There's a Python implementation of cmp_to_key and then it tries to import the same name from _functools. The pure Python version acts as a fallback in case the C extension is not available for some reason.

This pattern is used for every other function that gets imported from _functools except for reduce. My guess is that this has something to do with the fact that reduce used to be a built-in function.

The code I found here varies a lot in complexity. The implementations for singledispatch or lru_cache are quite complex (and perhaps deserving of their own posts) while wraps and total_ordering are so accessible that even a beginner can understand them very quickly. The C extension parts of it, are arguably much harder to understand and it would take a lot more effort to be familiar with that part of the code.

But what about tests?

Inside the Lib folder, there's another folder called tests. There's a large amount of files in the folder. One in particular holds the test cases for the functools module, conveniently called test_functools.py.

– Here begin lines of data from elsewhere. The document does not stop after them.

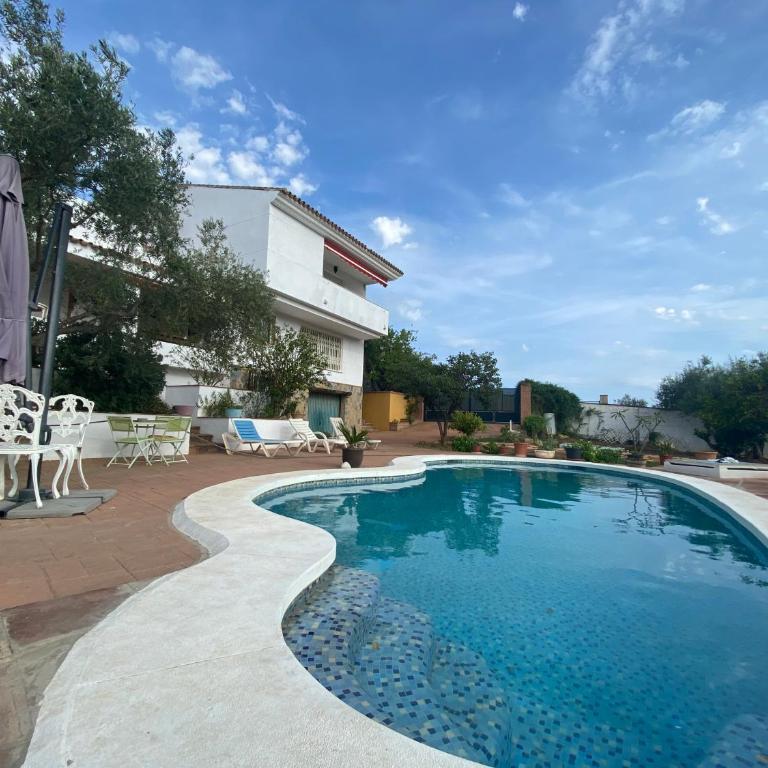 Placeres de Mijas - Villa - 16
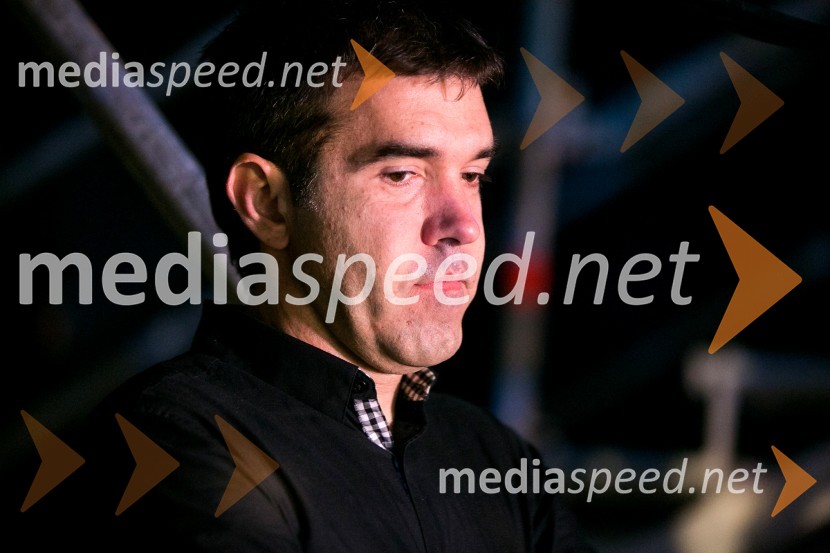  Mario Galunič, odgovorni urednik, Razvedrilni program TV SlovenijaViktorji 2014: kdo so nominiranci in voditelj?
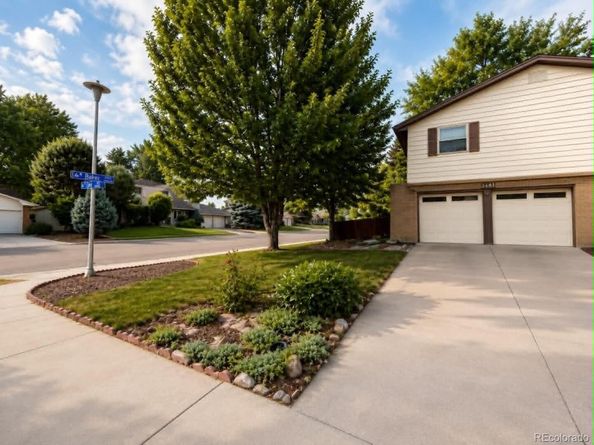 2443 S Carr Court, Lakewood CO 80227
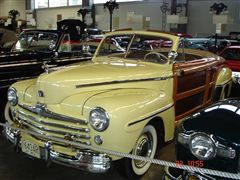 Visita al Museo del Automóvil Antiguo DF - Visita al Museo del Automóvil Antiguo DF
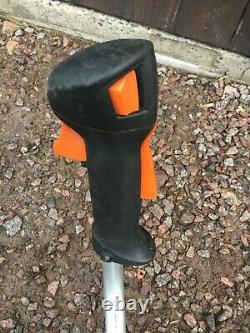 Stihl Fs91 Professional Petrol Strimmer / Brushcutter 2017 (lot 1)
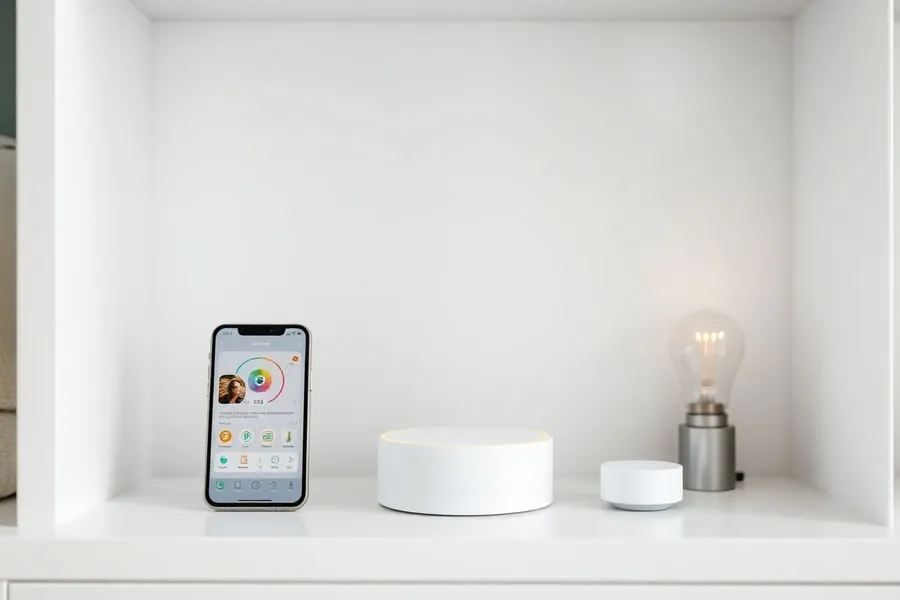 Integracja z Apple Home, Google Home, Alexa i Home Assistant — IKEA Smart Home — kompletny przewodnik po systemie Home smart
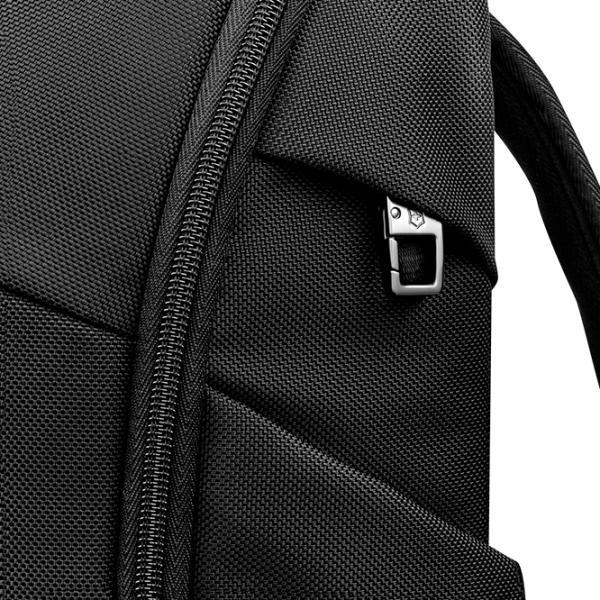 Рюкзак Victorinox Architecture Urban2 Deluxe 15" / Черный / 23л photo 10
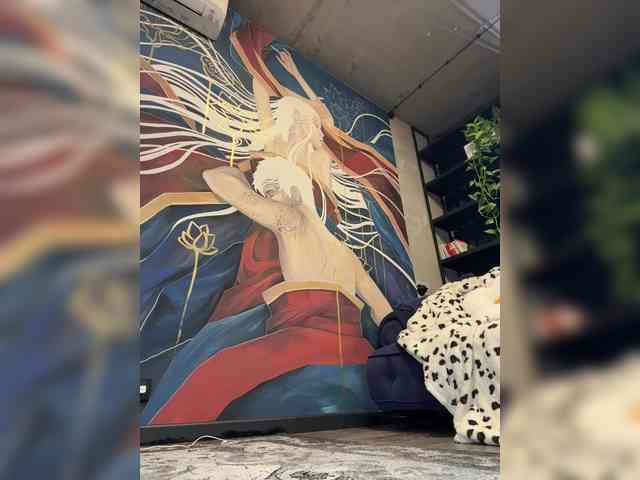 -Your-Michelle- webcam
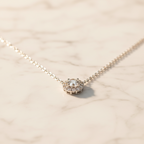 Graff Constellation · Diamond · 18K White Gold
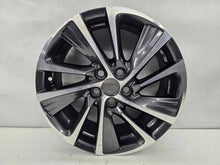 Laden Sie das Bild in den Galerie-Viewer, 1x Alufelge 16 Zoll 5x114.3 Lexus Ct Rim Wheel FEL8185443560vt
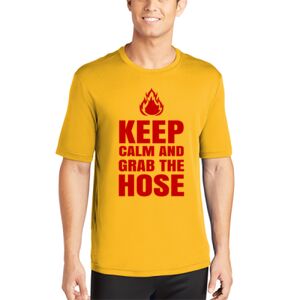 PosiCharge ® Competitor Tee Thumbnail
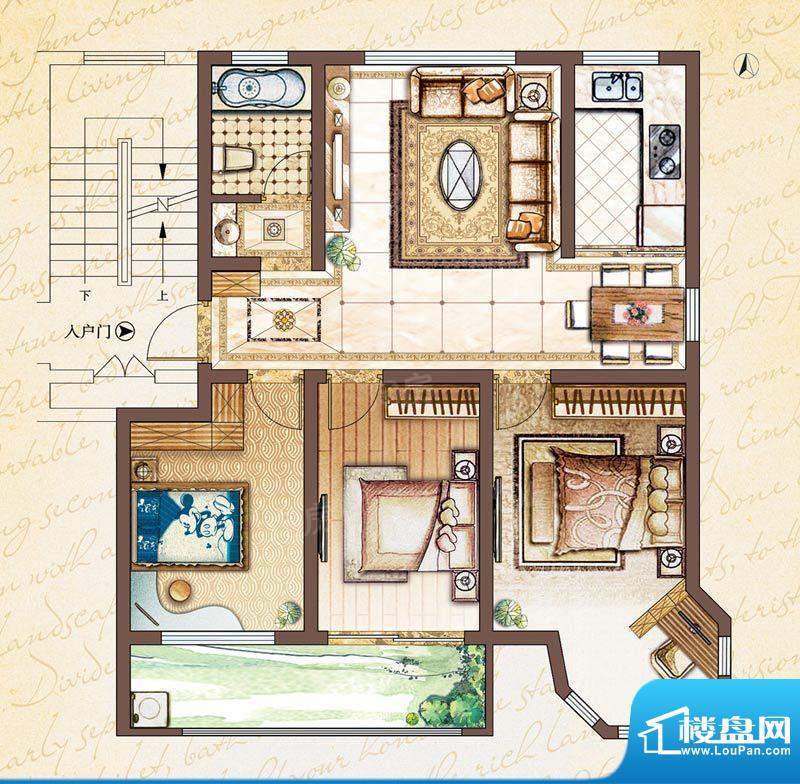 户型图片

The first thing to notice about this is that it uses unittest. Great example of dogfooding. The second thing I noticed was these two lines:

py_functools = support.import_fresh_module('functools', blocked=['_functools'])  
c_functools = support.import_fresh_module('functools', fresh=['_functools'])  

The module is written in both Python and C. And partially written in both. So, both versions need to be tested individually. A curiosity I found here is that for the functions that have implementations in both C and Python, the C versions seem to be much more thoroughly tested. Which makes sense, since they are probably the ones being called on most use cases, so there's a bigger ROI there.

Diving into Python's source code made for an entertaining and educational couple of hours. For a codebase that's been there for decades, it was pretty easy to find what I was looking for.